We really missed The Boys during its off-year, but season 3 was worth the wait. Amazon Prime Video’s show has veered wildly off from Garth Ennis and Darrick Robertson’s comic book series. But it still managed to do a very scaled back adaptation of “Herogasam.” Season three also gave Butcher (Karl Urban) and Hughie (Jack Quaid) the chance to face The Seven with powers of their own, even though those abilities came with a very high price.

Antony Starr remains hilariously unhinged as Homelander, but the real star of season 3 was Jensen Ackles. His performance as the first Supe, Soldier Boy, stole every scene that Ackles was in. Think of Captain America if he was amoral, racist, sexist, and even tragic in his own way. There’s always a lot going on in The Boys, and it remains the best superhero satire series in years.

4. Peacemaker

It’s easy to forget that Peacemaker came out this year, since it arrived so early in 2022. But it earned its place on this list because James Gunn pulled off a magic trick. He made John Cena’s one-dimensional antihero from The Suicide Squad into a real leading character. Against the backdrop of a truly dangerous threat, the series revealed why Christopher Smith (Cena) was so screwed up.

Peacemaker is still a jerk at times, but that’s why it was really effective when he actually made emotional connections with his team. He really had a lot of character development over the course of the season. The season finale had some genuinely surprising moments that were completely ignored by Black Adam. But even if there’s a big DC reboot coming, this was still a great season of television.

3. Stranger Things

Three years between seasons didn’t hurt Stranger Things. Season 4 may be the best one to date, and it gave the show its first truly memorable villain: Vecna (Jamie Campbell Bower). More surprisingly, Sadie Sink’s Max Mayfield came to the forefront, and she was arguably one of the primary stars of the season. As proof of Sink’s newfound prominence, this year’s most memorable moment, Max fleeing Vecna, made Kate Bush chart with a 38-year-old song!

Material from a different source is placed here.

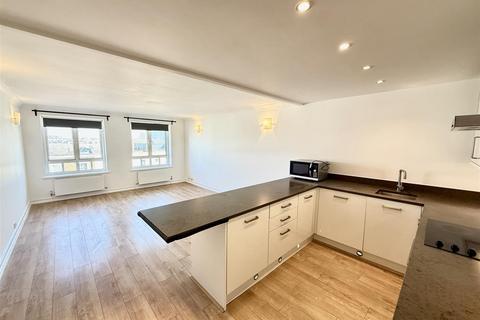 2 bedroom flat to rent, Falcon Lodge, London W9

The events in Russia stretched credibility at times, but it was worth it to have Hopper (David Harbour) back. It was also fun to watch Joseph Quinn’s star-making turn as Eddie Munson, especially as he put on perhaps the most-metal concert of all-time. However, the lingering threads of the finale are why we’re excited for the fifth and final season. No matter how long it takes to get there.

2. House of the Dragon

So, tell us again that no one cares about the world of Game of Thrones. The eighth season of that show may have bungled the ending, but House of the Dragon has reestablished the franchise as a powerhouse. George R.R. Martin’s prequel series follows the growing conflict within the Targaryen family as events skip ahead towards an inevitable civil war.

It’s primarily a contest of wills between Princess Rhaenyra Targaryen and her former best friend turned step-mother, Queen Alicent Hightower. To be honest, I preferred the young Rhaenyra (Milly Alcock) and Alicent (Emily Carey) to their older counterparts, Emma D’Arcy and Olivia Cooke. But all of the actresses have done well with their roles.

While Matt Smith’s Prince Daemon Targaryen gets a lot of attention, Paddy Considine ruled season 1 with his powerful and haunting turn as King Viserys Targaryen. Unlike the novel, the show makes Viserys a truly tragic character. The series also adds dimension to Alicent that makes her more than a Cersei Lannister clone. Rhaenyra and Alicent both believe they are righteous. But regardless of their wishes, the Dance of the Dragons may destroy their family.

1. Andor

I really thought that House of the Dragon had the number 1 slot lined up this year. At least right up until the tenth episode of Andor. That was one of the best episodes in all of television this year. It also solidified Andor as some of the best Star Wars we’ve seen in years. The prequel to the prequel flick, Rogue One: A Star Wars Story, has found its way by bringing the Empire down to Earth. Within this series, it’s not some faceless space threat. It’s a truly oppressive regime.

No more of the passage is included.